» **Work instruction**: In the copy, include exactly the lines from the one with "Elephant Queen) poster" through the end of the data and no others, both ends kept, with every picture left out.

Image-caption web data
>>>>

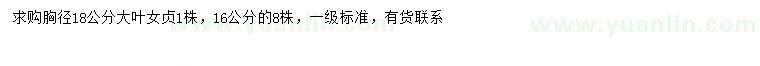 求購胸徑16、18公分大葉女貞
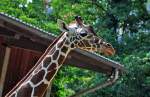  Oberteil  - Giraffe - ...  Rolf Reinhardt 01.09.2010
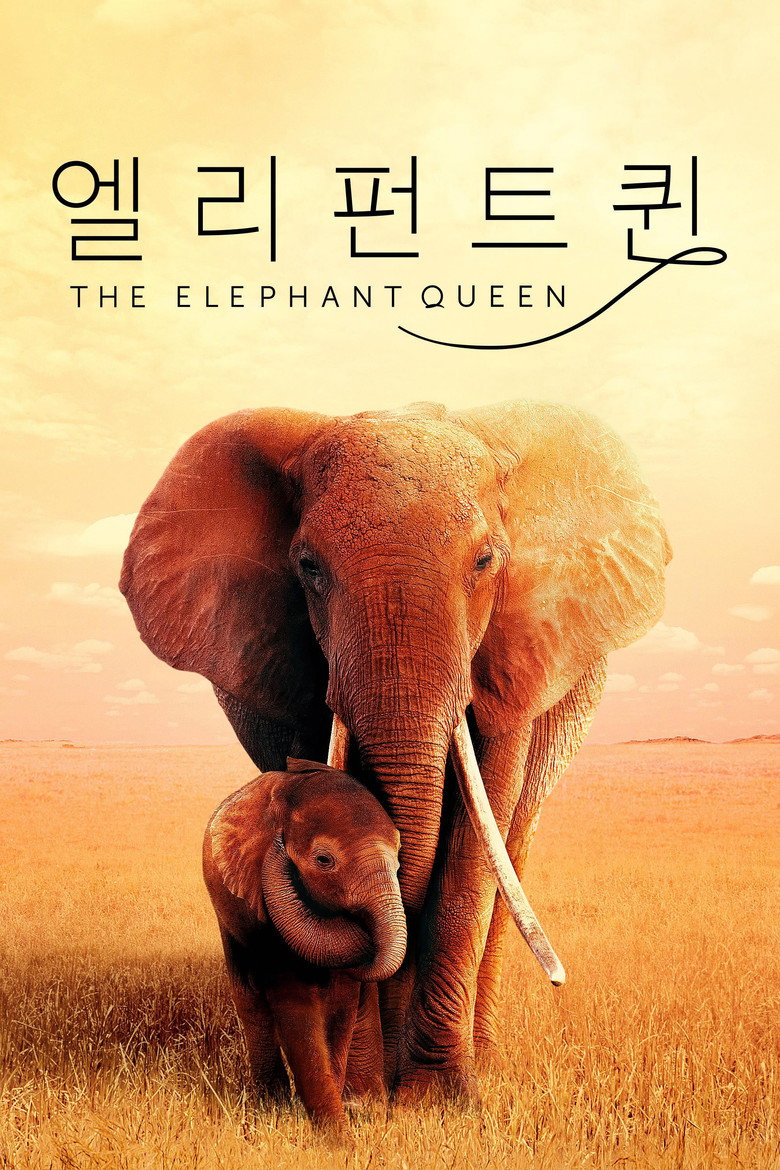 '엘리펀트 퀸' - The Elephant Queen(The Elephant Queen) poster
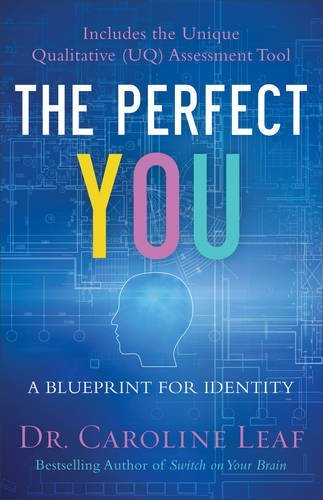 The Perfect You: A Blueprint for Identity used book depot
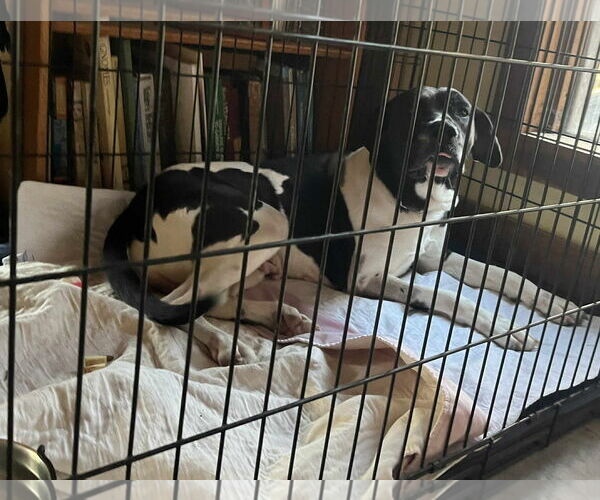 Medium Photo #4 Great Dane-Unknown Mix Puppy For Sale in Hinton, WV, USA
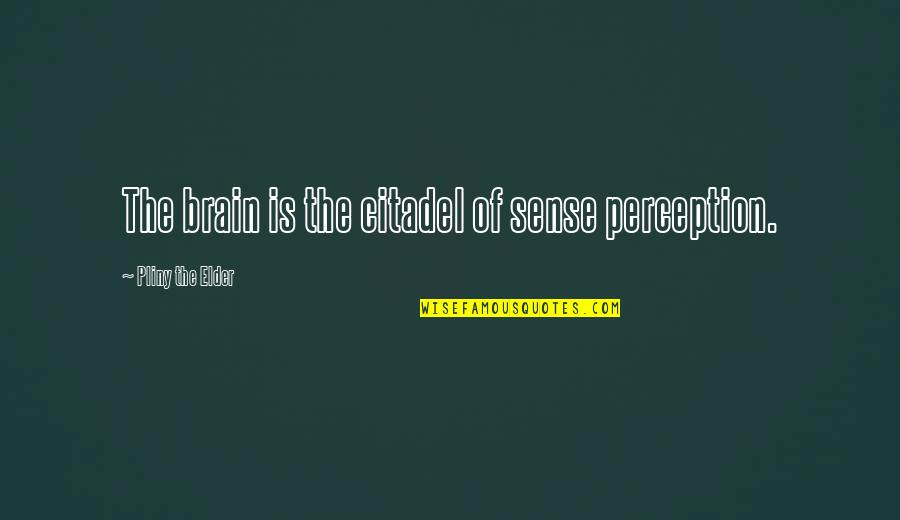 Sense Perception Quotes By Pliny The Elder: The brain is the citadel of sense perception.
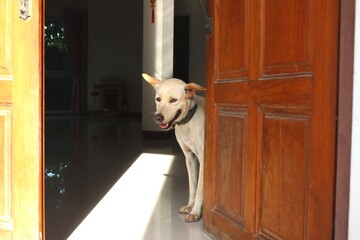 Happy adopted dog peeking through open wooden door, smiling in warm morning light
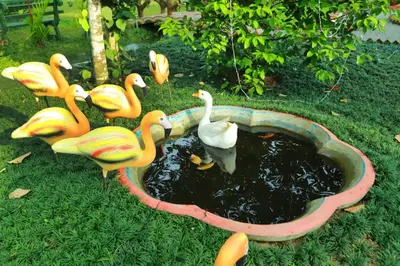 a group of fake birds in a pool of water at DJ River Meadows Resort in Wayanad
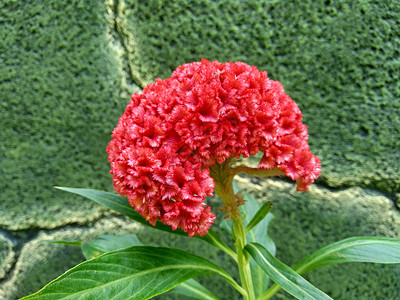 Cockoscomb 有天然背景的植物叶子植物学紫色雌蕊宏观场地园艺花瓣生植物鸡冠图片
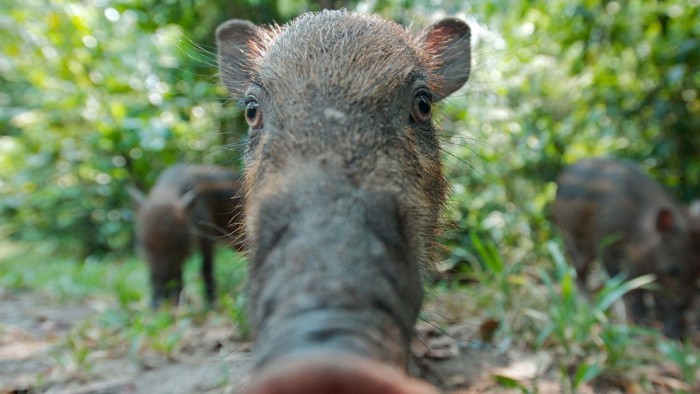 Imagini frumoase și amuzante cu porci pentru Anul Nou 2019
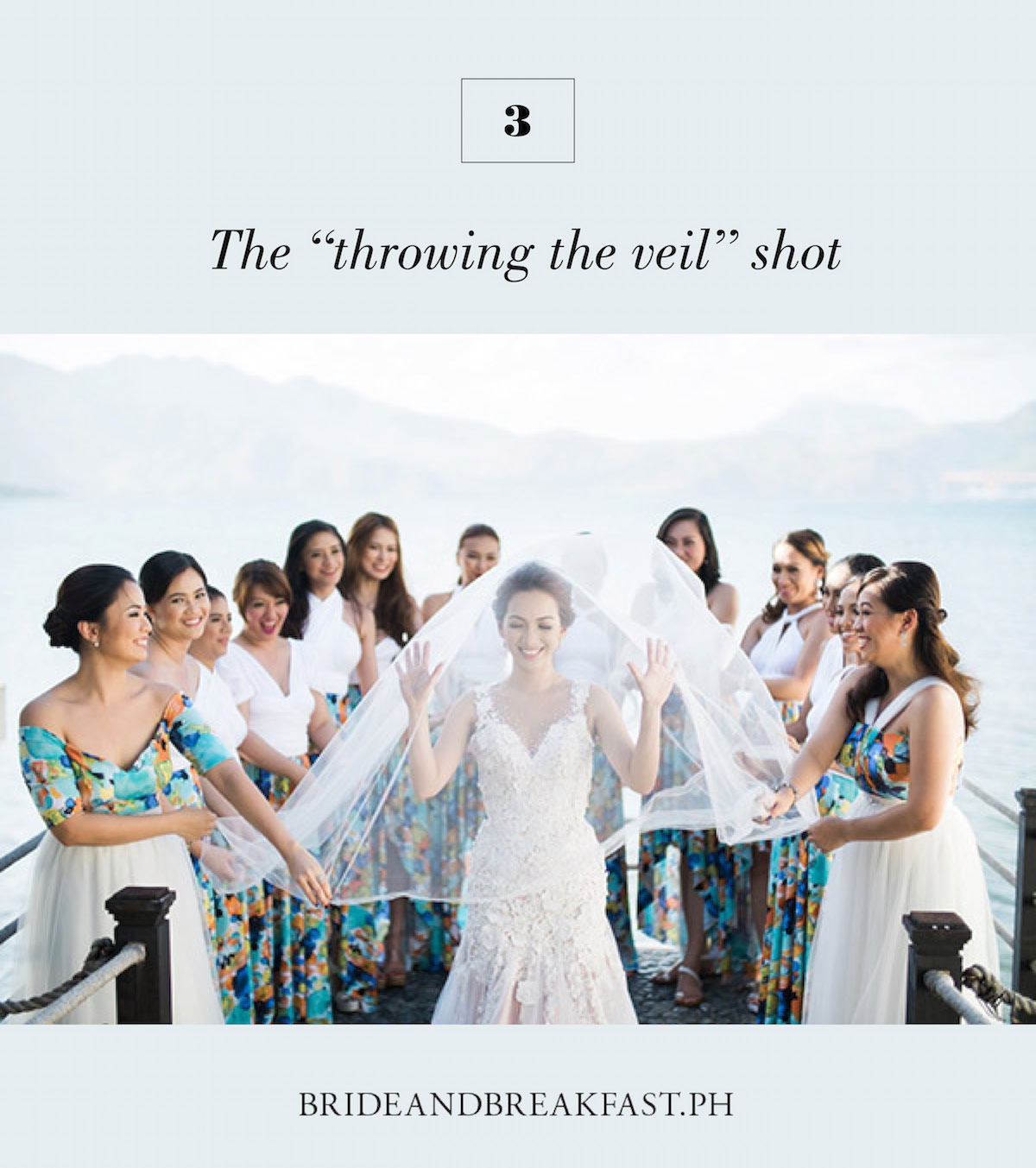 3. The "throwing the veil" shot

<<<<

» **Solution below**:
 '엘리펀트 퀸' - The Elephant Queen(The Elephant Queen) poster
 The Perfect You: A Blueprint for Identity used book depot
 Medium Photo #4 Great Dane-Unknown Mix Puppy For Sale in Hinton, WV, USA
 Sense Perception Quotes By Pliny The Elder: The brain is the citadel of sense perception.
 Happy adopted dog peeking through open wooden door, smiling in warm morning light
 a group of fake birds in a pool of water at DJ River Meadows Resort in Wayanad
 Cockoscomb 有天然背景的植物叶子植物学紫色雌蕊宏观场地园艺花瓣生植物鸡冠图片
 Imagini frumoase și amuzante cu porci pentru Anul Nou 2019
 3. The "throwing the veil" shot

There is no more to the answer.